── COLLECTED MATERIAL
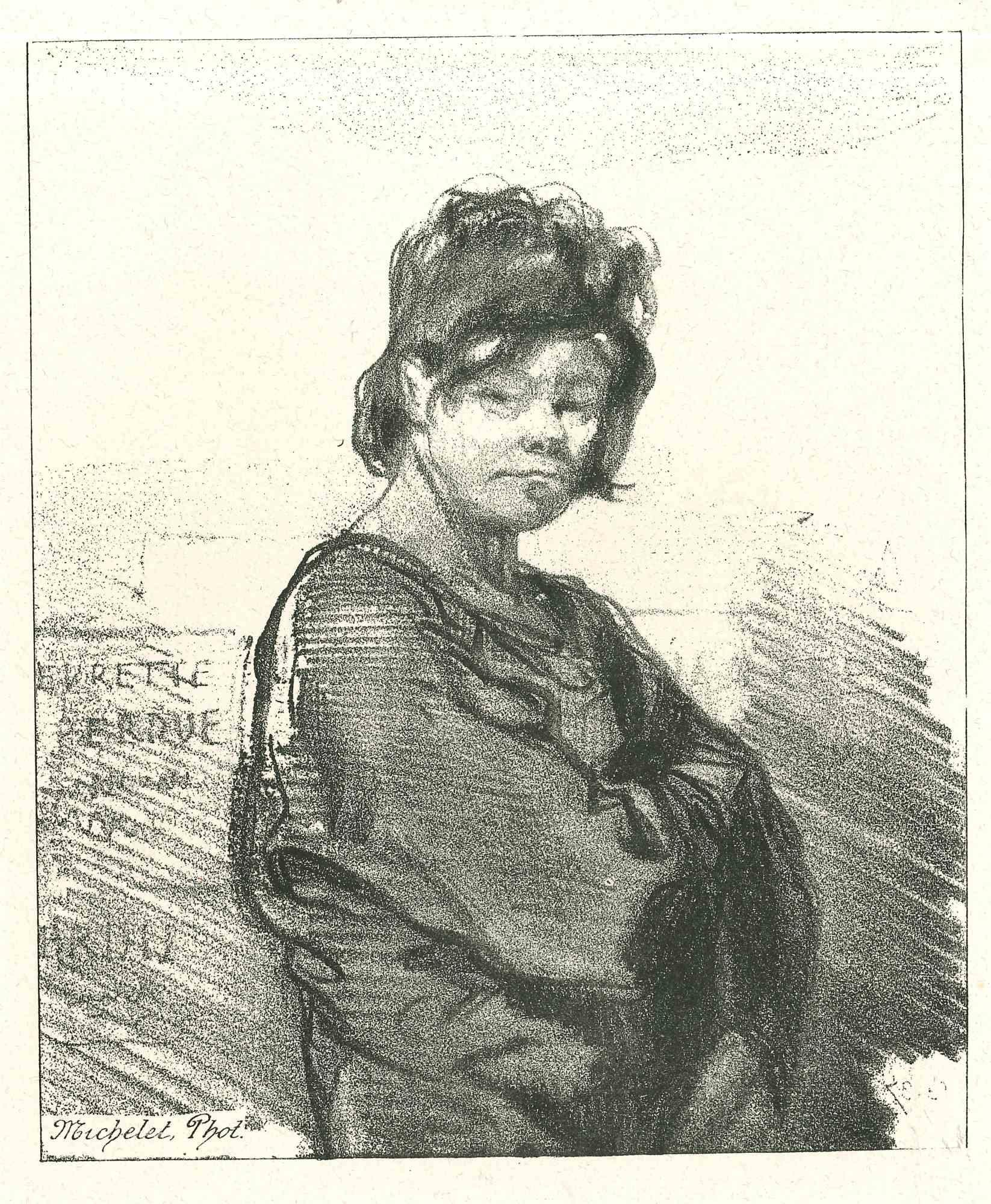 The Pensive Woman - Original Lithograph by Paul Gavarni - 1881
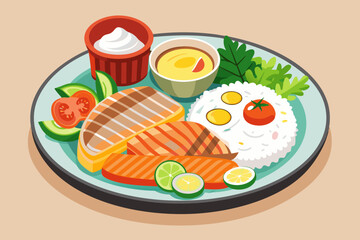 Wall Mural - Illustration vector of Healty Breakfast Egg and simple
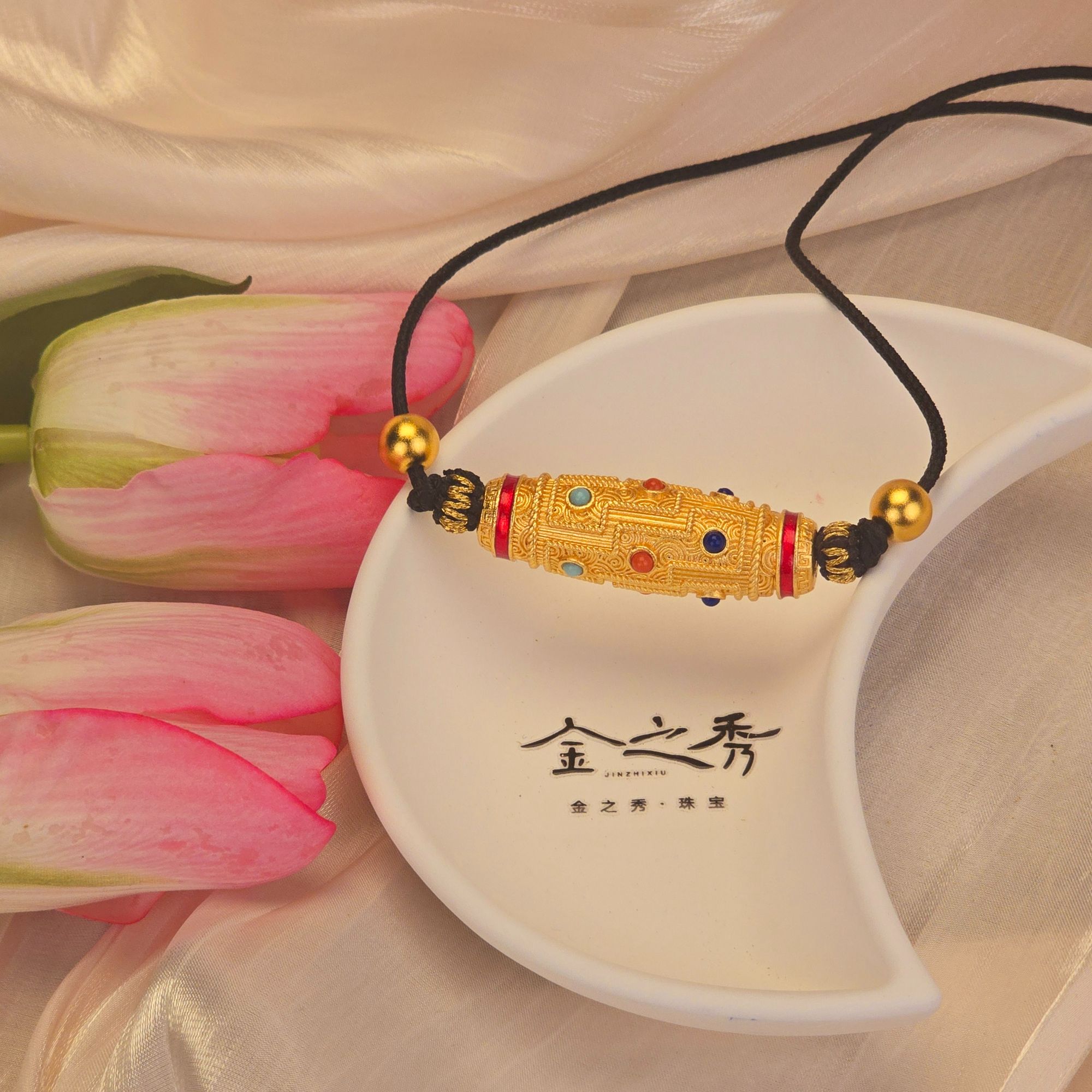 合金吊坠 金之秀珠宝  【藏式天珠吊坠】新国潮轻奢款配饰百搭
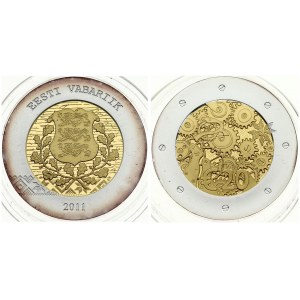 Estonia 20 Euro 2011 Estonia's entry into Eurozone. Obverse: National arms. Reverse: Lace. Bi-Metallic-Gold-Silver...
────
→ **DIRECTIONS FOR THIS TASK**: Repeat the lines above precisely and skip every picture.

→ **RESPONSE**:
 The Pensive Woman - Original Lithograph by Paul Gavarni - 1881
 Wall Mural - Illustration vector of Healty Breakfast Egg and simple
 合金吊坠 金之秀珠宝  【藏式天珠吊坠】新国潮轻奢款配饰百搭
 Estonia 20 Euro 2011 Estonia's entry into Eurozone. Obverse: National arms. Reverse: Lace. Bi-Metallic-Gold-Silver...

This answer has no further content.